有没有可以去除异常值的功能？答案

【问题标题】：Is there function that can remove the outliers?有没有可以去除异常值的功能？
【发布时间】：2019-12-01 08:06:54
【问题描述】：

我找到了一个从列中检测异常值的函数，但我不知道如何删除异常值

是否有从列中排除或删除异常值的功能

这是检测异常值的函数，但我需要一个函数来删除异常值

import numpy as np
import pandas as pd
outliers=[]
def detect_outlier(data_1):

    threshold=3
    mean_1 = np.mean(data_1)
    std_1 =np.std(data_1)


    for y in data_1:
        z_score= (y - mean_1)/std_1 
        if np.abs(z_score) > threshold:
            outliers.append(y)
    return outliers

这里是打印异常值

#printing the outlier 
outlier_datapoints = detect_outlier(df['Pre_TOTAL_PURCHASE_ADJ'])
print(outlier_datapoints)

【问题讨论】：

标签： python pandas outliers

【解决方案1】：

def outlier():
    import pandas as pd
    df1=pd.read_csv("......\\train.csv")
    _, bp = pd.DataFrame.boxplot(df1, return_type='both')
    outliers = [flier.get_ydata() for flier in bp["fliers"]]
    out_liers = [i.tolist() for i in outliers]

【讨论】：

【解决方案2】：

一个简单的解决方案是使用scipy.stats.zscore

from scipy.stats import zscore
# calculates z-score values
df["zscore"] = zscore(df["Pre_TOTAL_PURCHASE_ADJ"]) 
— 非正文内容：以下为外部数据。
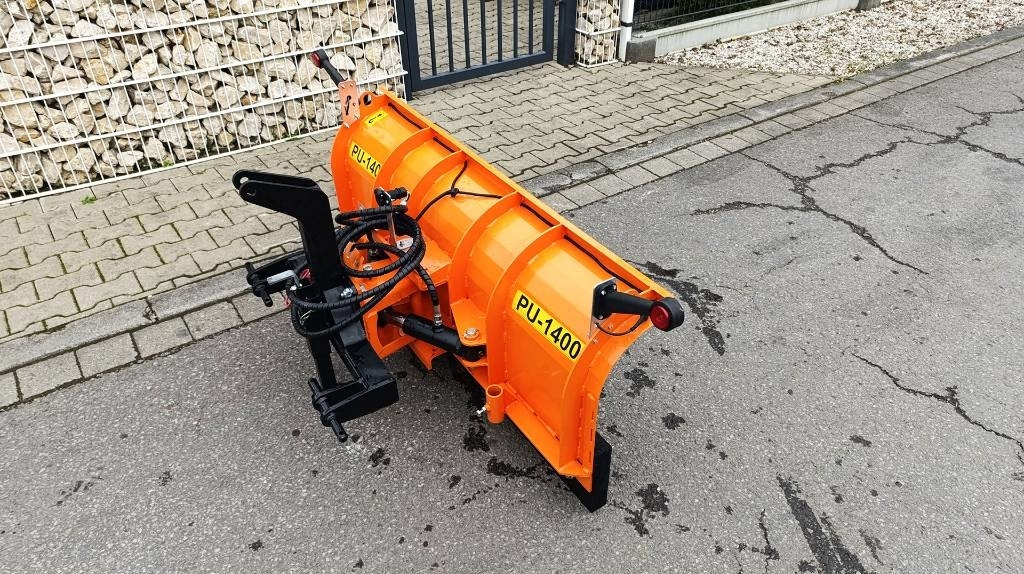 Schneeschild PU 1400 Radlader Dreipunktaufnahme - Plug zapada pentru Utilaje agricole: Foto 4 Schneeschild PU 1400 Radlader Dreipunktaufnahme - Plug zapada pentru Utilaje agricole: Foto 4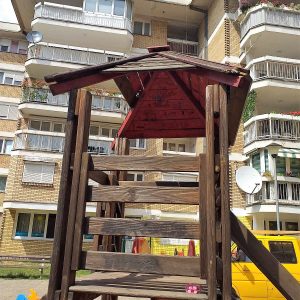 Санирано неколико дјечијих игралишта Санирано неколико дјечијих игралишта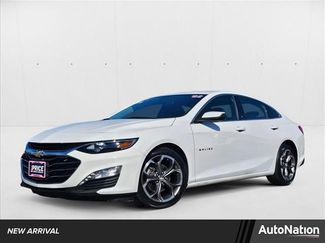 Used 2022 Chevrolet Malibu LT image 1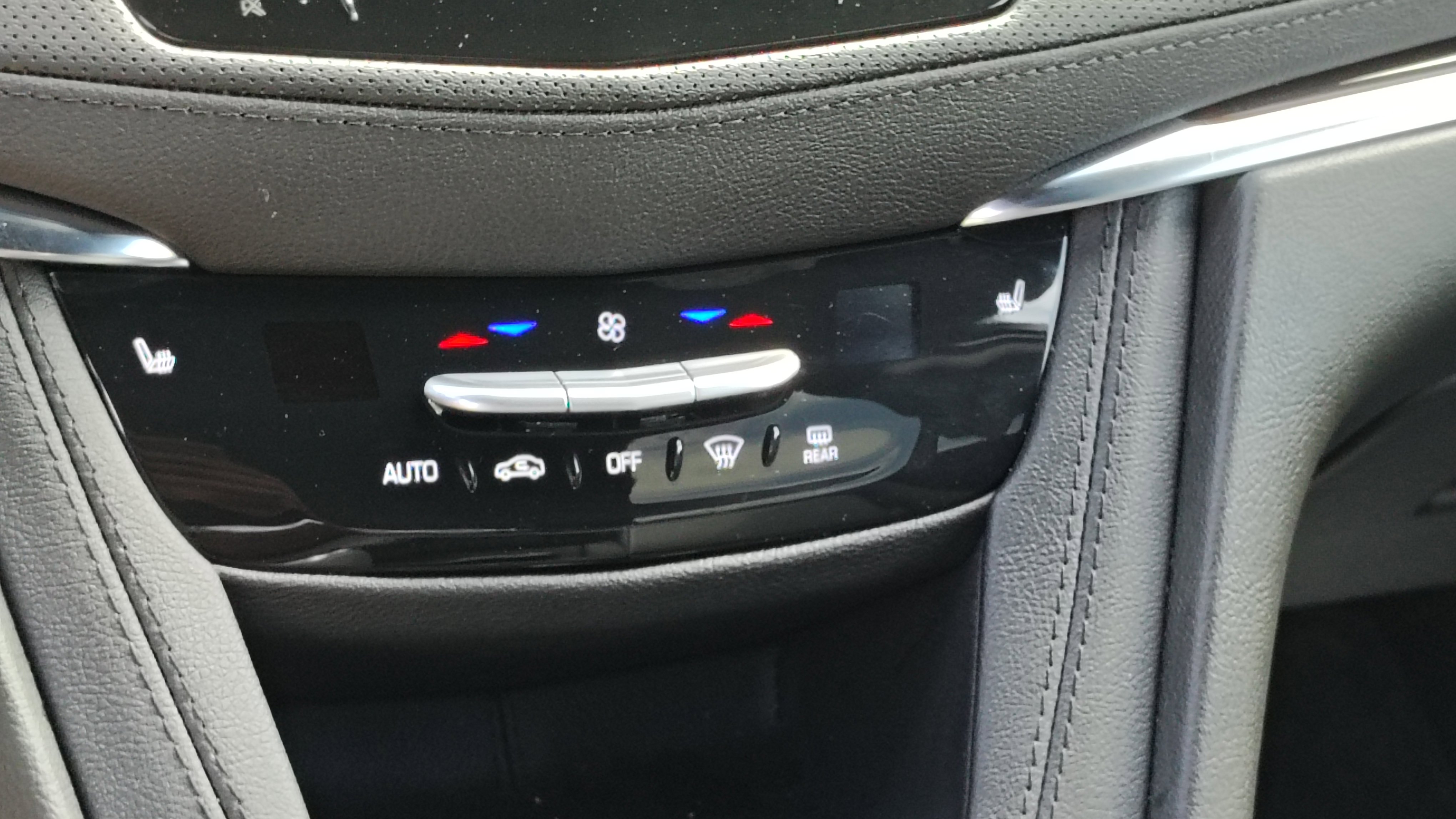 2025 Cadillac XT6 Luxury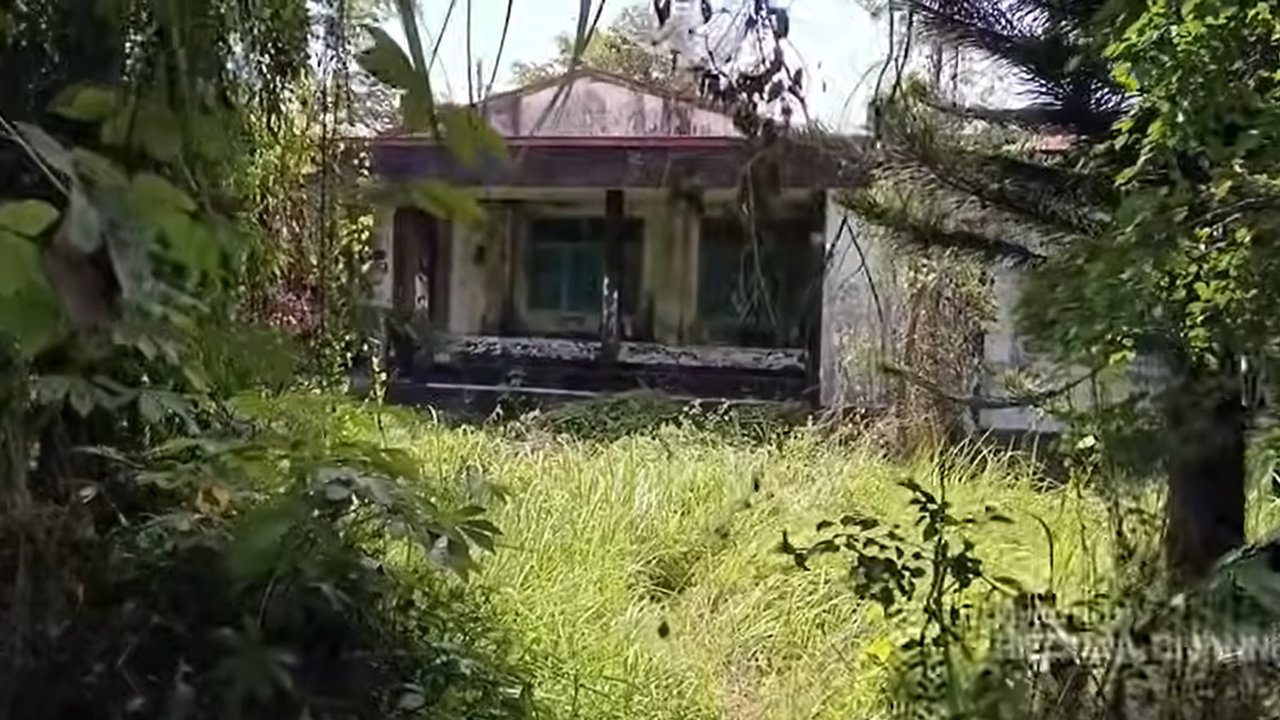 Kondisi Rumah Kosong Diduga Milik Almarhum Dono Warkop DKI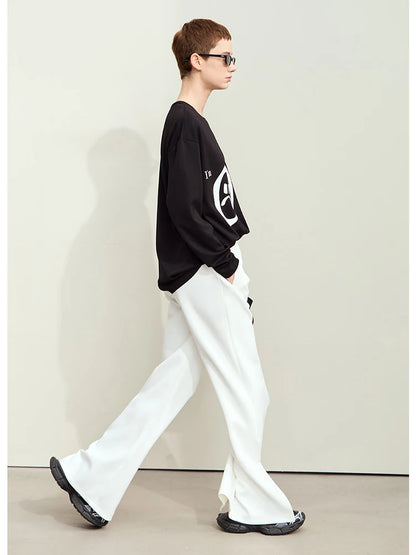 Damen T-Shirt im minimalistischen Stil mit Rundhalsausschnitt und Druckdesign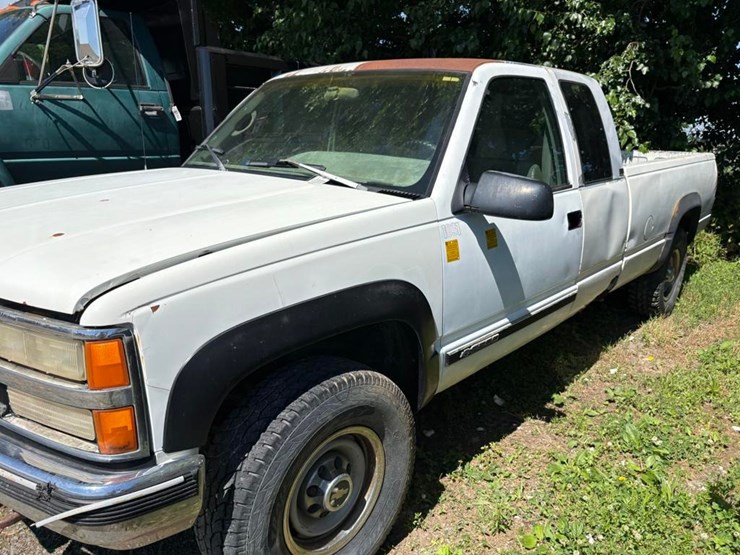 1995-chevrolet-3500-image-13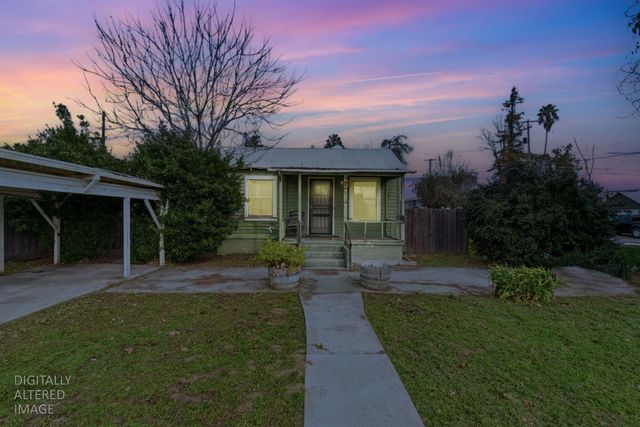 205 3rd St, Ripon, CA 95366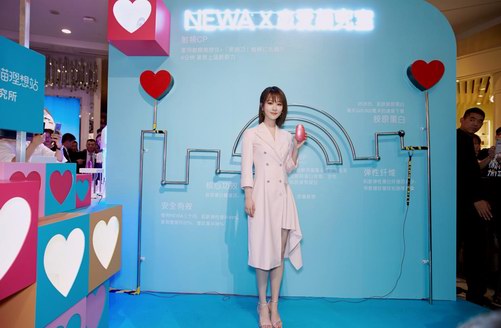 楊紫出席以色列NEWA家用射頻美容儀的活動，緊致少女肌令人羨慕。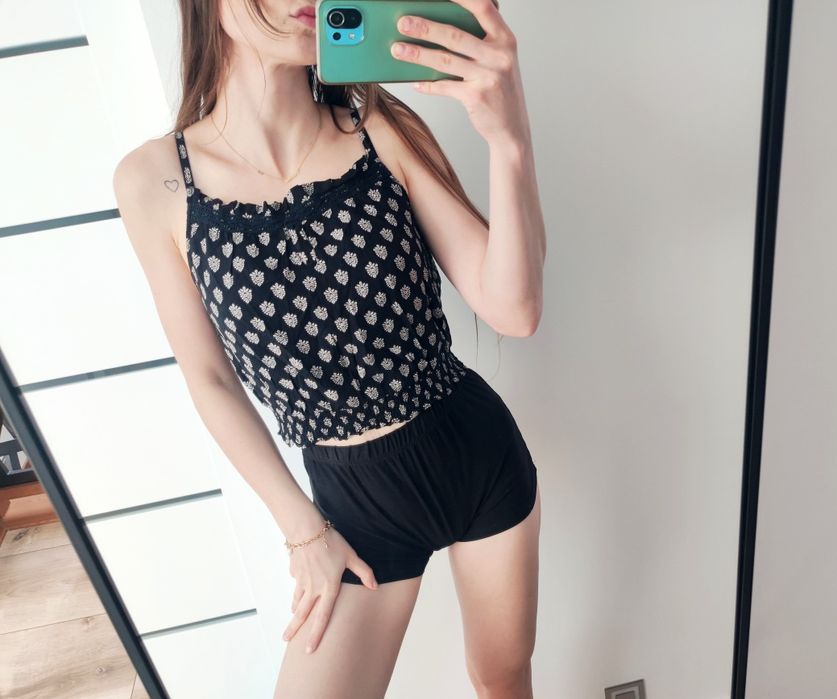 Bluzeczka top crop Miss Selfridge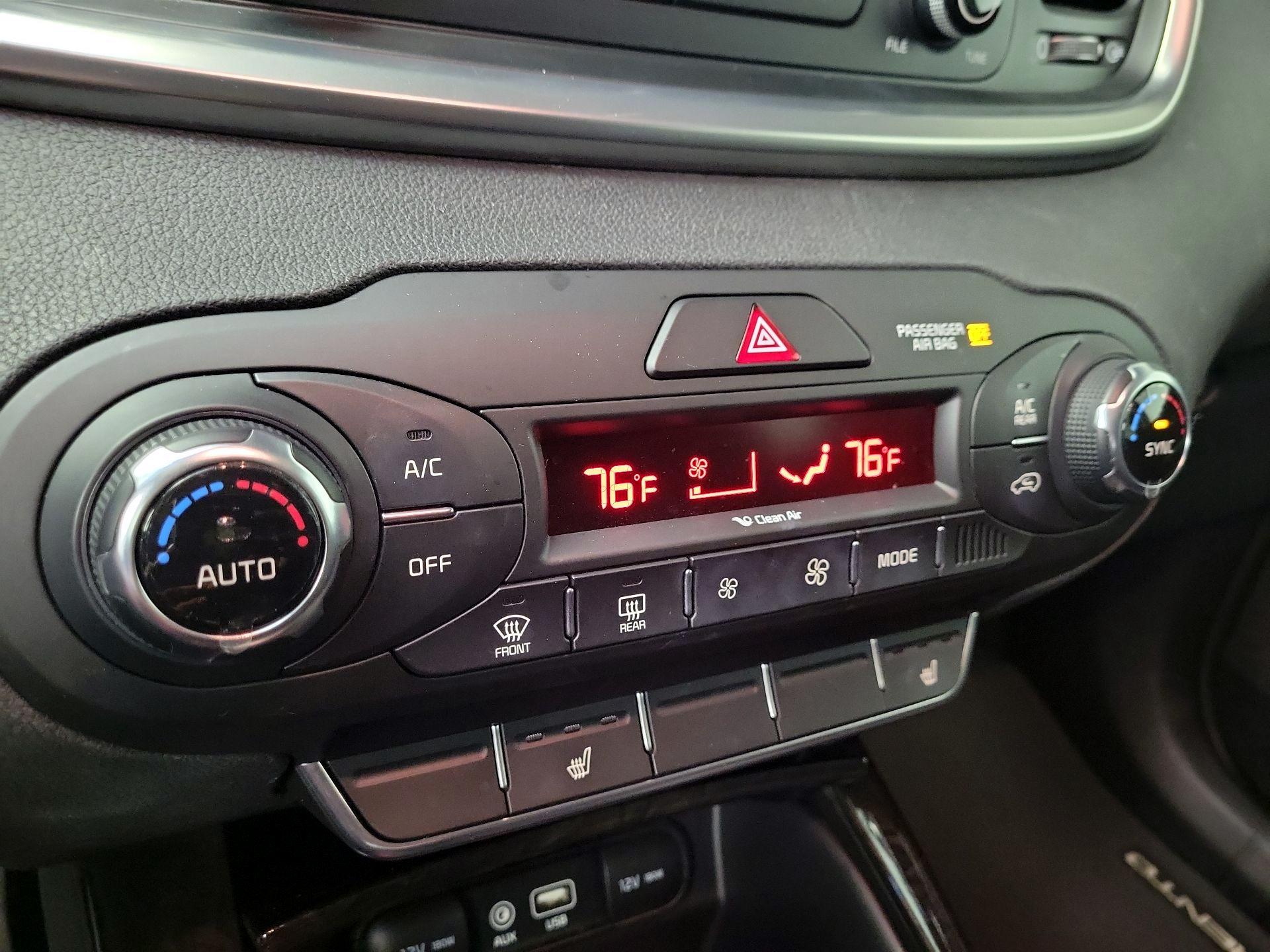 Thumbnail: 2016 Kia Sorento - 16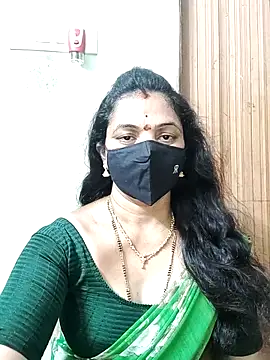 Snapshot of Leela_555 chatting on May 23, 2026, 2:27 pm Leela 555 online show from May 23, 2026, 2:27 pm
# creates `is_outlier` column with either True or False values, 
# so that you could filter your dataframe accordingly
df["is_outlier"] = df["zscore"].apply(lambda x: x <= -1.96 or x >= 1.96)

【讨论】：

感谢您的快速回复我在此代码中遇到错误 df["is_outlier"] = df["zscore"].apply(x: x = 1.96)
@swe2010 很高兴能帮上忙。对于我的论文研究，我也需要计算 z-score 值哈哈。可能有更好的方法，但这对我来说很好。
@swe2010 顺便说一句，不要忘记接受正确的答案，这样这篇文章就不会显示为“未回答”

【解决方案3】：

我认为“删除异常值”是指“从 df 数据框中删除在 'Pre_TOTAL_PURCHASE_ADJ' 列中包含异常值的行。”如果这是不正确的，也许您可以修改问题以明确您的意思。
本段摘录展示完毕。